The number of fibromyalgia patients has recently been increasing in Japan. We currently studied numerous patients with early to severe neuropathic pain on not only 'specific sites' according to American College of Rheumatology ACR-90 criteria, but also widespread severe pain such as hyperpathia or allodynia.

Symptoms in these patients are sometimes accompanied with extra-muscular symptoms such as irritable colon, interstitial cystitis, severe dry eye and mouth, and various psychogenic symptoms. Twenty-seven patients with severe and systemic complications were misdiagnosed with other psychogenic disorders. We classified patients with fibromyalgia in five categories according to disease progression.

Patients and method

A total 153 patients with fibromyalgia who visited our rheumatology or psychiatry clinics in the past 2 years were assessed; 132 (86.5%) female patients and 21 (13.5%) male patients. The mean age was 52.3 ± 15.0 years for females, 50.4 ± 18.6 years for males. These patients were classified into five stages according to clinical symptoms (Table 1).

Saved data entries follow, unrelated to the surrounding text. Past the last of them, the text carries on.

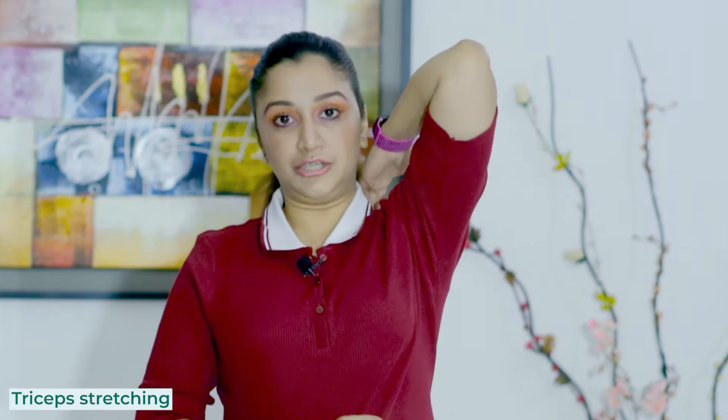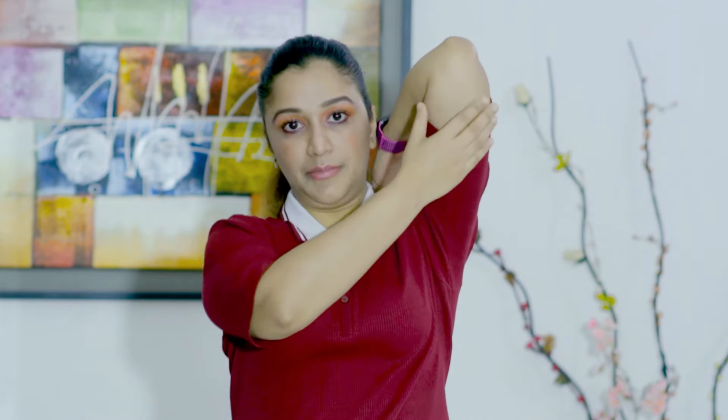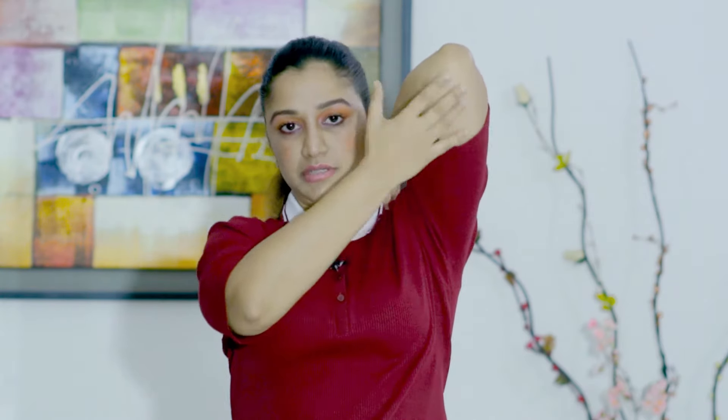We need to also talk about triceps stretching — move your hand back behind the back. Now we stretch the axillary area and those muscles. Use the opposite hand at the elbow to push the arm back.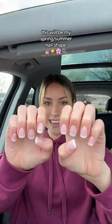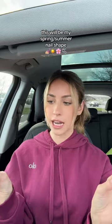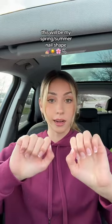And I love them! They look very simple, clean, put together without being too much, and these are much easier to maintain than long nails.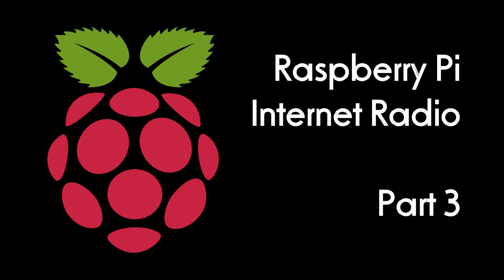Hi everyone, Mike here and welcome to part 3 of my Raspberry Pi internet radio.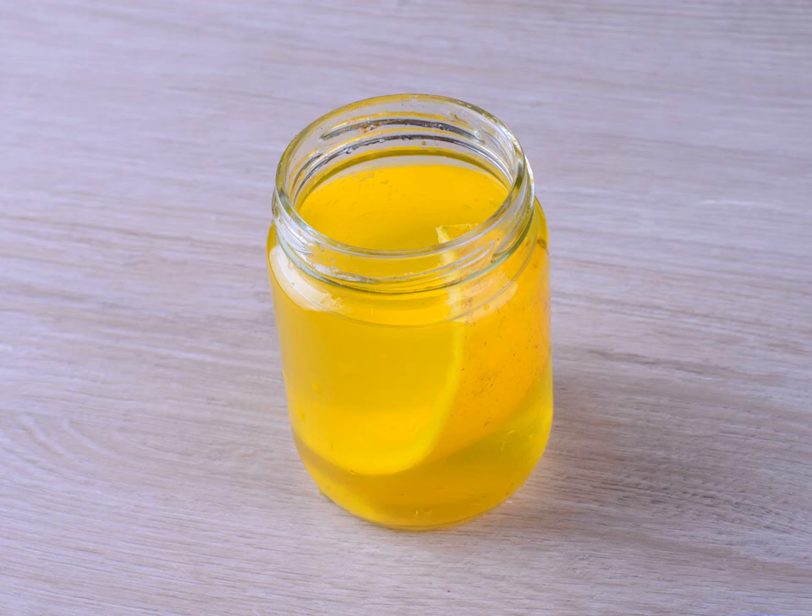Steep the orange peels. Place the jar with the orange peels and juice in a cool, dry, and dark location — a pantry or dry basement is ideal. Leave the orange peels to steep in the juice solution for three weeks. As the orange peels and juice mingle, the juice will become infused with orange flavor. The vinegar and sugar will help to preserve the solution as it steeps.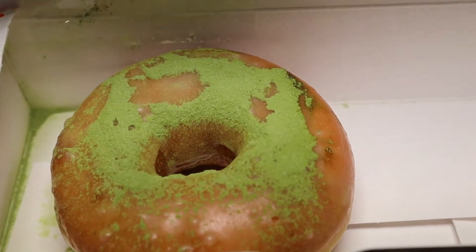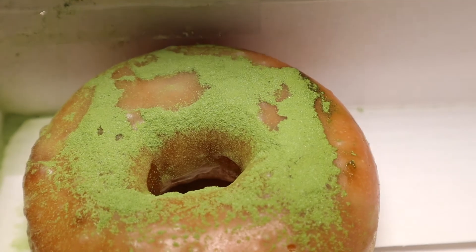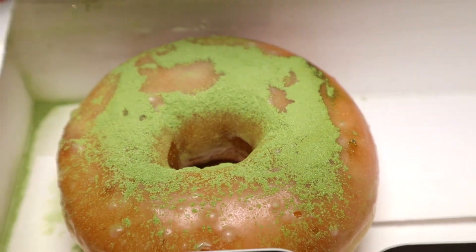First, the matcha donut. I'm matcha 50/50 — it's alright, I don't love it. Some people love it, they go crazy for matcha. I'm not one of those people, but I won't deny it either. We got the matcha donut. Honestly, it's just a glazed donut with matcha on it, but let's try this out.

Table 1 Classification of fibromyalgia according to disease progression frequency in 153 cases

Results and discussion

As shown in Table 1, 64 patients fulfilled the ACR-90 criteria. Patients classified in stages II-IV had painful symptoms that spread through the whole body and were extremely severe. Eight of 153 patients had extramuscular systemic symptoms. The results of the SPECT study revealed that 80% of the 40 patients clearly identified a low level in regional blood flow. Twenty-seven cases of the patients were misdiagnosed with psychogenic or neurological disorders for a long time. Based on such clinical diversity, it is essential to classify fibromyalgia according to disease progression.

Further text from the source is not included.